Womanlight (1979)
Handsome French weepy contrasts with its maker's other work.
23 May 2004
This is an oddity to have come from Constantine Costa Gavras still fresh from his substantial triumph with Z. It's not that the film lacks ambition, with two major stars, a strong support cast and first rate technicians. The surprise is that this one is not about corrupt ideologies mowing down the high minded. It's an odd, rather perverse Grands Boulevards weepy - what used to be called a woman's picture before you risked time in the pillory for using that term.

A bedraggled, aging Montand has a series of chance encounters in a St. Michel cafe which will dominate his next twenty four hours - with animal trainer Valli (excellent in the Corbucci ER PIU) and a middle aged Schneider in whose bed he shortly finds himself. We notice that, unlike Hollywood actors, Europeans find it necessary to take off their pants when they have sex. He sees Valli's music hall act, with a chimp dancing with a pink poodle much to the delight of Japanese tourists, which Montand finds degalasse (the word dying Belmondo applies to Jean Seaberg at the end of BREATHLESS) He also is taken to the soirée run by Schneider's brain damaged husband's mother Kedrova where, drunk and exhausted, Montand manages to communicate with him in gibberish and gesture. Yves and Romy go round the Etoile the wrong way to the exasperation of traffic gendarmes.
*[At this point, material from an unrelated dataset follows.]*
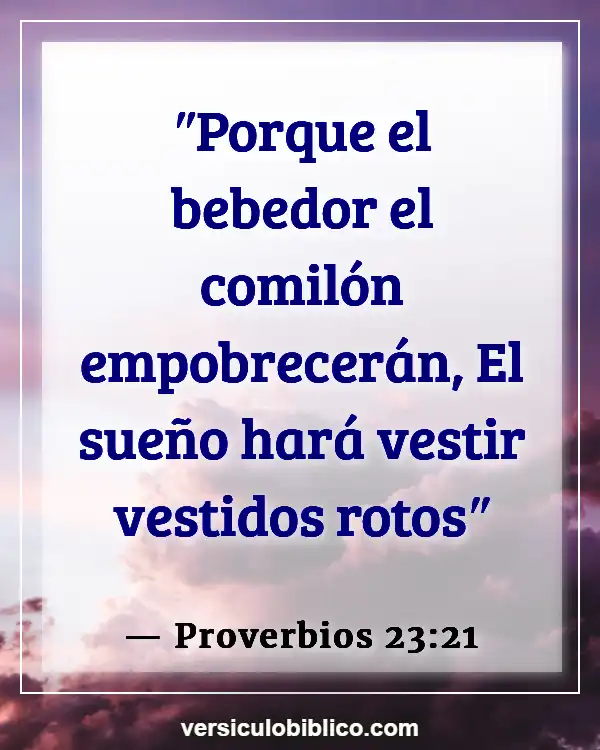 Versículos De La Biblia sobre Comer en exceso (Proverbios 23:21)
A lot of this plays like the surreal non-sequiters in Cocteau, Queneau or lesser Gallic mortals and we have a grim suspicion that the film is leading to some obscure metaphysical statement that will leave you wishing you'd watched the Lee van Cleef movie in number two. However the revelation, when it comes expertly staged and played, makes what we've seen (just about) plausible and leaves us involved with our two mature aged leads.

This one was probably a break or a money spinner for its heavy duty participants but they came at it with high seriousness and the result is more intriguing than most of what was done around it.

A couple of questions. Where is Jean Reno and how does Benigni get that billing for a virtual walk-on? Would his agent like to represent me?